He had endured scorn from construction workers on the bridge, who threw rivets at him as the ferry passed underneath.
The bridge was listed on the National Historic Register at the time of its demise, and DOT officials had to execute a programmatic agreement with the federal government to justify taking it down.
It was in the process of being named a National Historic Landmark when it was closed, Engelhart said.
"If you look at it just from the point of view of a historic structure, there are fewer than 20 structures in the whole Adirondack region that meet the criteria of a National Historic Landmark. That's the highest federal designation. That includes Ticonderoga and Crown Point forts, (great) camps Santanoni and Sagamore. Those are the highest level of historic sites.
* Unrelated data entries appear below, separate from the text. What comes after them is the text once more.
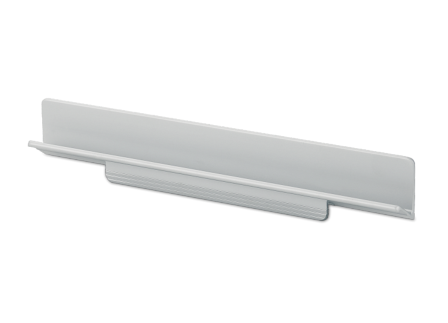 Furniture Handle Y893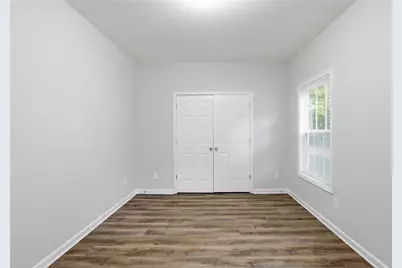 1749 Givens Street NW, Atlanta, GA 30318 - Photo 14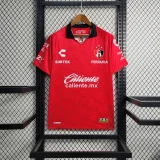 2023-24 Atlas away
This should have been one of them."
A BRILLIANT MODEL
The bridge's architect, Charles M. Spofford, used innovative design techniques to build the span. One of them was to separate the steel truss from its traditional function as a railroad bridge.
The Champlain Bridge was almost parabolic in shape, continuous rather than segmented, and constructed with a navigational height that allowed large steamboats to pass underneath.
For his work, Spofford was awarded a gold medal in 1930 by the American Society of Civil Engineers.
Following the opening of the Champlain Bridge, many continuous truss bridges were built, Engelhart said.
"Other engineers quickly saw this was a brilliant way of doing a crossing. It quickly got duplicated. It provided a model for other bridges across the country. It was efficient in its use of materials, ease of construction and getting to the needed height in the middle of bridge."
Many people living in the area feel sad about the loss of the bridge, Engelhart said.
"It's a big loss. Anytime a community lives with something for 80 years, you know how affectionate people become.
"It's almost like an old friend is gone."